I recently listened to a podcast with Steve Stroope, author of Tribal Church and pastor of Lake Pointe Church in Rockwall, TX. Steve had some great thoughts on the idea of “paying” your volunteers – part of his leadership tribe.
We probably all “pay” our volunteer leaders in some respect, but moving it to a more intentional level could really increase the effectiveness and the connection they feel. If you are losing your volunteer ministry leaders, it may be because they don’t feel like they are getting anything in return.
Here some ways to pay your volunteer team members (a list from @stroopesteve)
1) Public praise – Shout outs, thanks, and other public ways of letting people know how much you appreciate your team is important. You can do this through speaking, through second hand compliments (ones they overhear you say to others), in publications, and through social media.
2) Private praise – This is just as important as public praise, maybe even more so. Letters, especially when the appreciation is for something specific, can be powerful. Not everyone responds well to public praise, but everyone does respond well to private praise. Give someone a call, write a note, say thank you to them.
3) Access to you – Give your leaders access to you. Give them opportunities to meet with you, talk and connect. Answer their calls and stay in touch. Keep them in the loop on important changes and be their pastor.
4) Allow them to give input – Your volunteer team will have the most on the ground data available. Ask questions and listen. People in leadership typically don’t need to have their way, but they do need to have their way considered.
5) Give a promotion – Is one of your team members doing well? Increase their responsibility. Leaders will rise to the challenge. You don’t want to keep a leader quality person serving in an entry level volunteer role forever. Invite them to more. He who is faithful in the small things will also be faithful in the larger roles.
6) Connect their job to the greater kingdom mission – Constantly remind your team that what they are doing matters. The role they play is making a difference in the mission of the church and kingdom.

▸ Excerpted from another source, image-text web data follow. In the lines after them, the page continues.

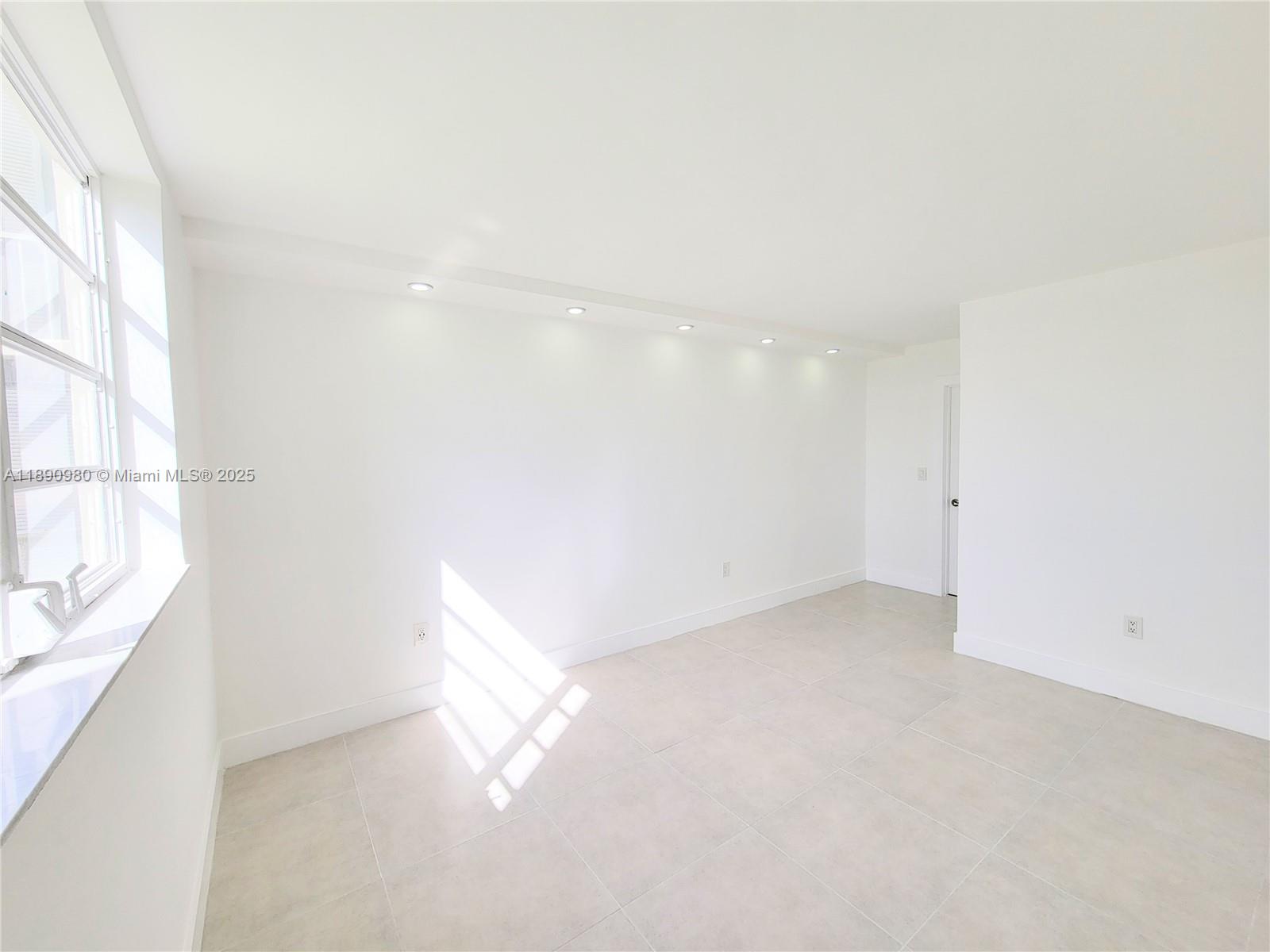POINT EAST SEC 4 CONDO - Residential Lease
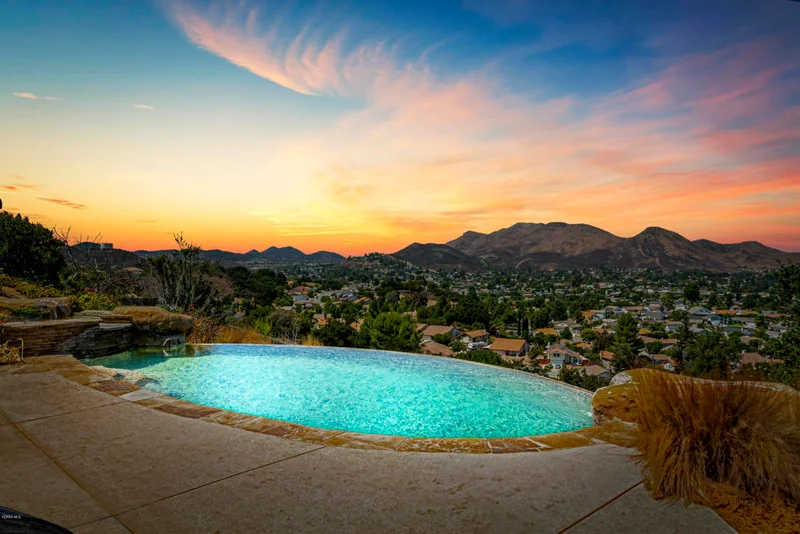 419 Helga, Newbury Park, CA 91320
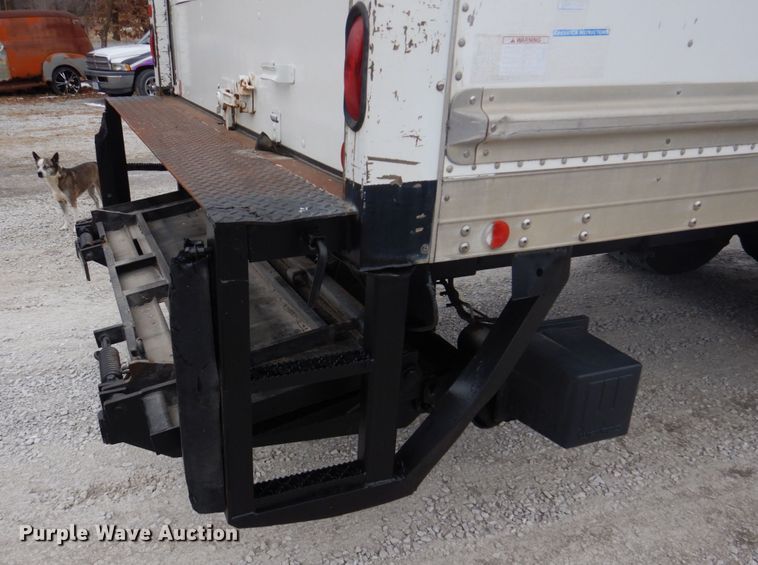 image for item DH8163 2005 Chevrolet C6500  box truck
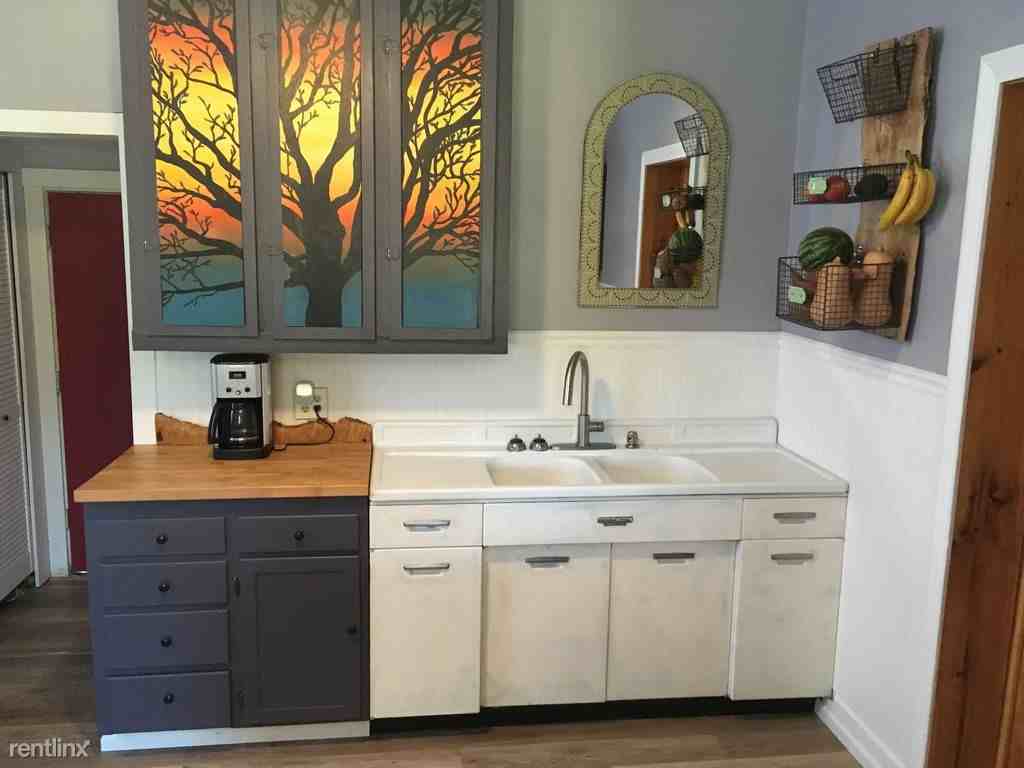 5115 North Shirley Street - Photo 3 of 12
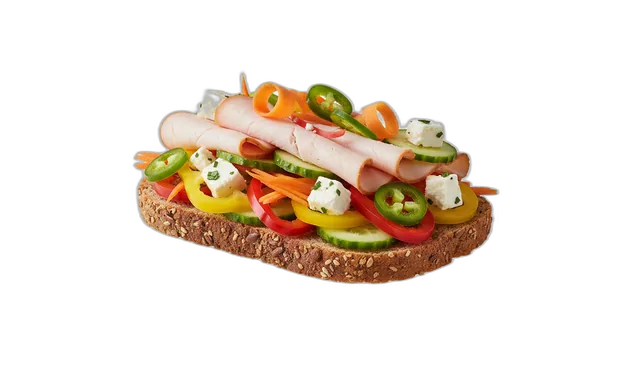Vollkornbrot mit Putenbrust, Feta, Gurke, Paprika, Karotte und Jalapeños
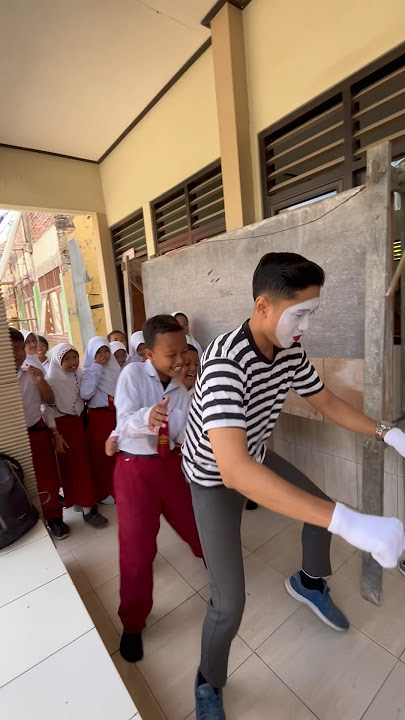 #pantomim #pantomimbojonegoro #pantomimindonesia #pantomimlucu #pantomimanak #pantomimer #pantomime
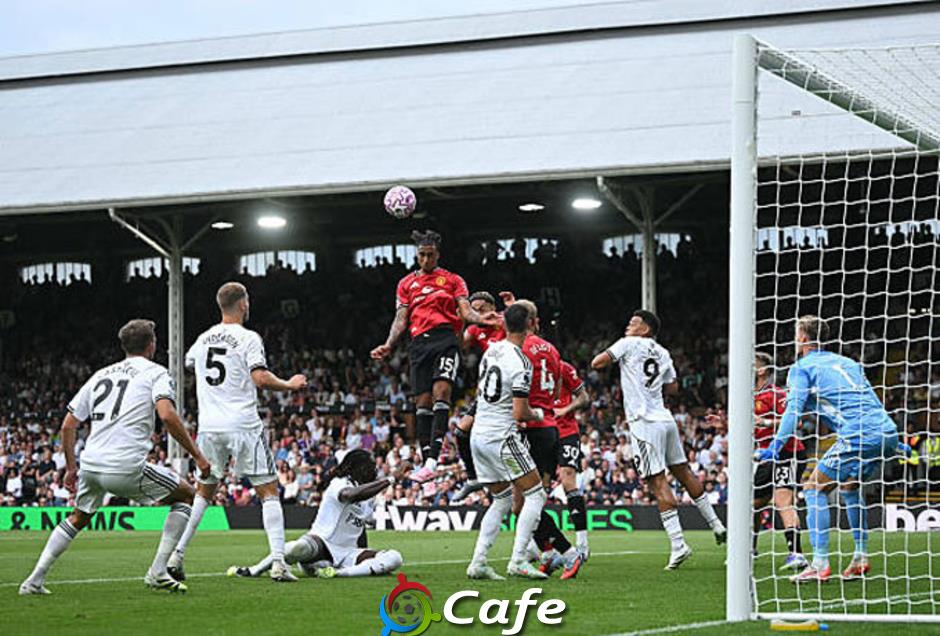 Trực tiếp Fulham 0-1 MU: Yoro mở tỷ số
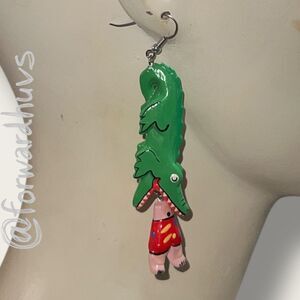 Articulated Wood Alligator Earrings – 3” Hand‑Painted 1990’s Novelty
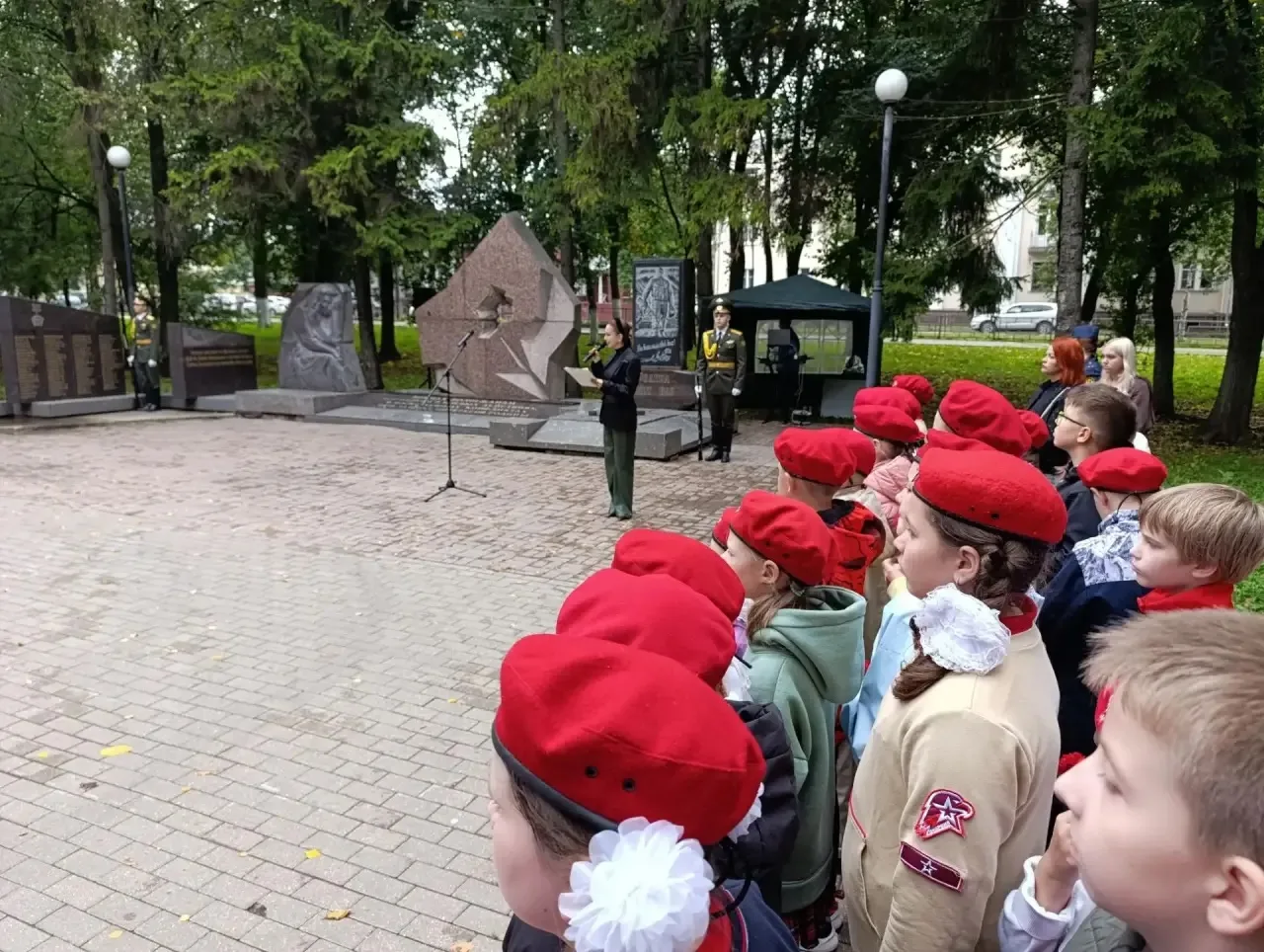 Сегодня, в День солидарности в борьбе с терроризмом, в Октябрьском сквере города Вологд...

7) Empower them – Give your team leaders the parameters in which they can make decisions and turn them loose for empowered ministry. Steve Stroope mentioned his four parameter: 1) Theology 2) Values 3)Vision 4) Budget. Within the context of those areas, ministry leaders can help shape, form and decide things in their ministry areas.
8) Give them tools to do their job well – Your team needs to be well equipped. Give them what they need to do their job effectively and efficiently. Often, noticing that they need something new or better, or at least responding to their requests, can keep them connected and committed.
9) Perks – It’s always nice to share ministry perks with your leaders. If you get some free tickets to the game, invite one of your team members along. If you have an opportunity to take them to lunch, pay for it. When you send a thank you note, send along a coupon for a free ice cream.
10) Give them knowledge – Help your team learn and grow in their role. This may be one of the best ways to pay them. It not only helps them feel more committed, but it also transforms their skills, motivation and outlook on their ministry role. Attend a conference or seminar together. Give them a book to read. Send them article links.
The subtitle for the Steve’s book, Tribal Church is “Lead Small; Impact Big”. It’s true, when we invest a little time in “paying” our volunteer teams, we make a huge impact for the long haul.